On that basis, whilst Ms Byrnes has been offered the opportunity to cross-examine Mr Farrow and has refused it, it is difficult to comprehend, in any event, what use could be made of cross-examination, bearing in mind there is no counter-assertion to agitate or put to Mr Farrow. Whilst clearly Ms Byrnes is not bound by the NSW Barristers Rules or Solicitors Advocacy Rules (NSW), rules 56 and 60 of the NSW Barristers Rules would preclude questions being put by Ms Byrnes which did not have a foundation in fact, are not relevant and would not support her case.
Her own case is that she has refused to comply with the order. The reasonable excuses that were offered by her from her own material are, at best, dubious, but I am satisfied disingenuous.
Ms Byrnes returned to the Court at 2.15pm and has participated in the hearing.
I have determined to proceed with the matter today, notwithstanding that Ms Byrnes has asserted illness, and notwithstanding the matters I have referred to above.
Ms Byrnes has a history of seeking adjournment from this Court by provision of medical certificates, similar to those which have been provided on each of 6 and 7 November 2013.
I have made clear to both parties that I have extracted from the Court file the various medical certificates that have been provided.

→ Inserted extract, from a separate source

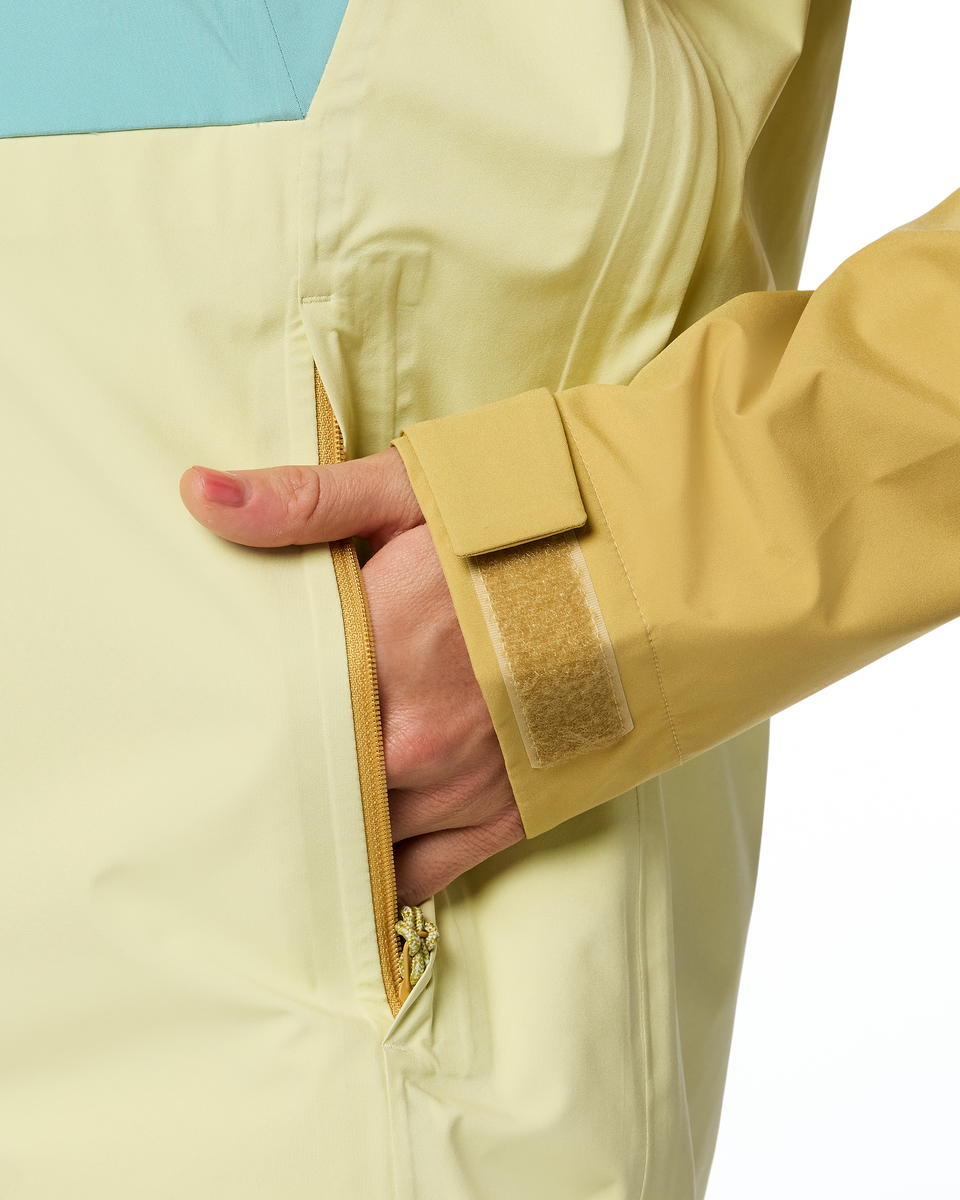 Impermeo 3L Hooded Shell Jacket - Women's, Husk/Honeydew, Model Lola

Curiously, when the proceedings were to be before the Court on 5 June, on which date the matter needed to be adjourned as Ms Byrnes did not appear, adjournment had been sought by Ms Byrnes. She had communicated with the Court on 23 May 2013, some two weeks prior thereto, indicating:
I am requesting that the case be rescheduled for a later date.
It continues:
I am requesting that the case be adjourned until July 2013.
It also indicates:
I am requesting that the case be heard by another Judge.
The proceedings had been dealt with at all times prior thereto by Judge Brewster. The proceedings are dealt with by me today as a consequence of Judge Brewster’s illness.
There is a date stamp on Ms Byrnes’ letter suggesting it was received by the Court on 25 May 2013, and then a handwritten note suggesting that Ms Byrnes had been telephoned by a member of Court staff, who has initialled and dated the document 24 May 2013, and advised that she required the consent of the other parties to adjourn the proceedings.
The Court officer’s note then indicates:
She advised me that she had sent an email to them, requesting that they consent to the adjournment, but had not heard back. She also advised that they probably would not consent, so I advised her that if this was the case, then the matter would proceed on 5 June.
Lo and behold, following that and on 30 May 2013, communication is received by the Court, addressed to Judge Brewster and indicating:
As advised previously, I am not able to attend Court on 5 June as X has a doctor’s appointment.
The Court was not previously advised of that. It was suggested to the Court on this earlier occasion that Ms Byrnes needed further time to address the matter and sought an adjournment.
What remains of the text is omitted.